• Activity:
Set down the whole listing below exactly. The pictures stay out.

• Information provided:

_ _ _ _

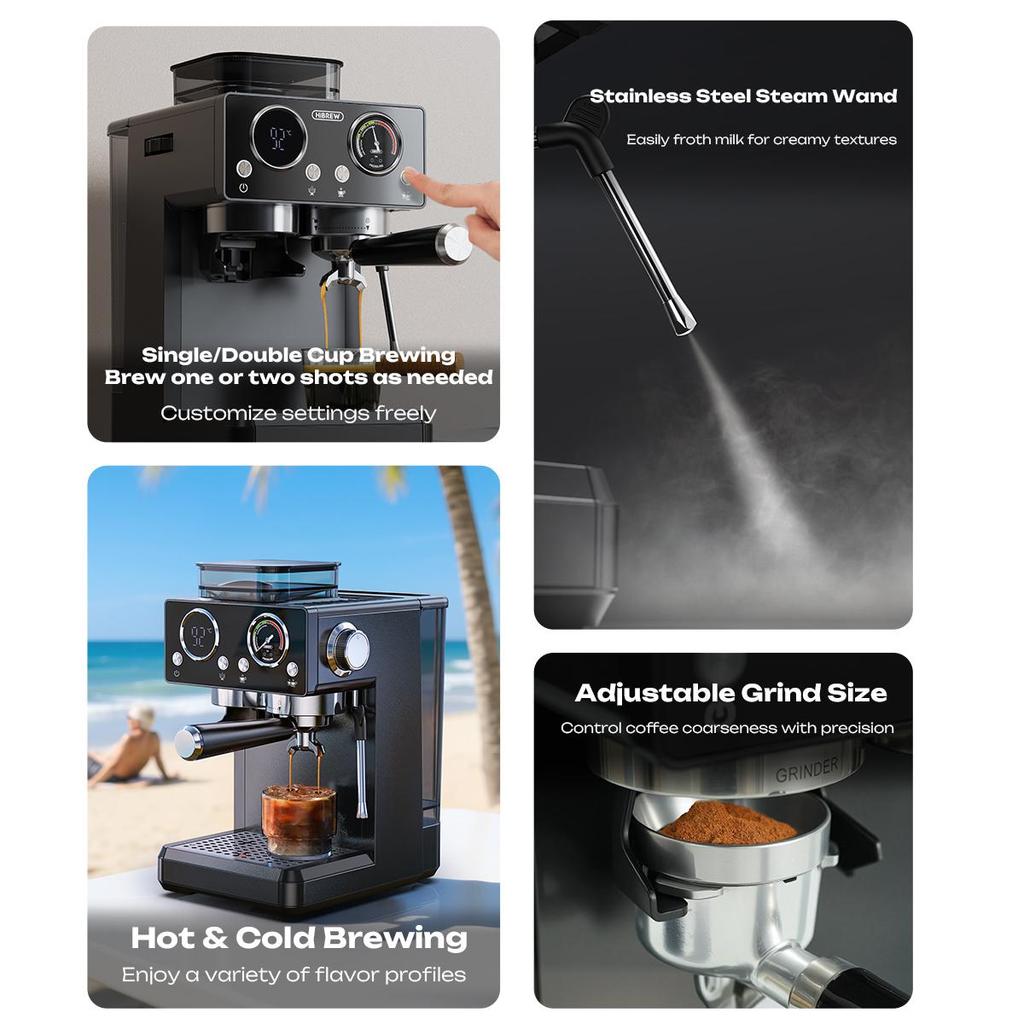 HiBREW Ekspres do kawy H20 Espresso 1350W 20Bar z wbudowanym młynkiem, spieniaczem do mleka, 20-stopniową regulacją mielenia, zbiornikiem na wodę 1,8L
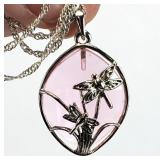Silver Tone Pink Stone Dragonfly Necklace Pendant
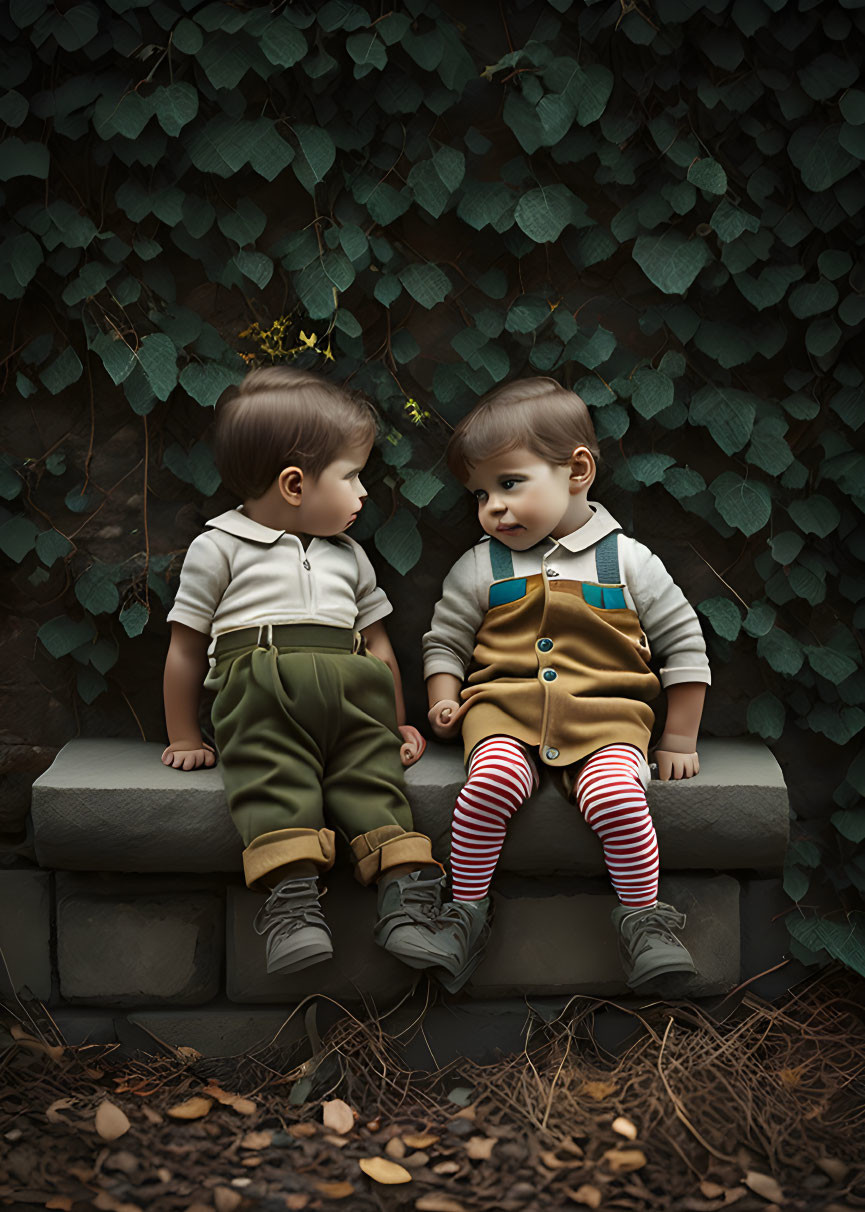 Two toddlers in vintage clothes on bench in greenery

_ _ _ _

• Reply:
 HiBREW Ekspres do kawy H20 Espresso 1350W 20Bar z wbudowanym młynkiem, spieniaczem do mleka, 20-stopniową regulacją mielenia, zbiornikiem na wodę 1,8L
Silver Tone Pink Stone Dragonfly Necklace Pendant
 Two toddlers in vintage clothes on bench in greenery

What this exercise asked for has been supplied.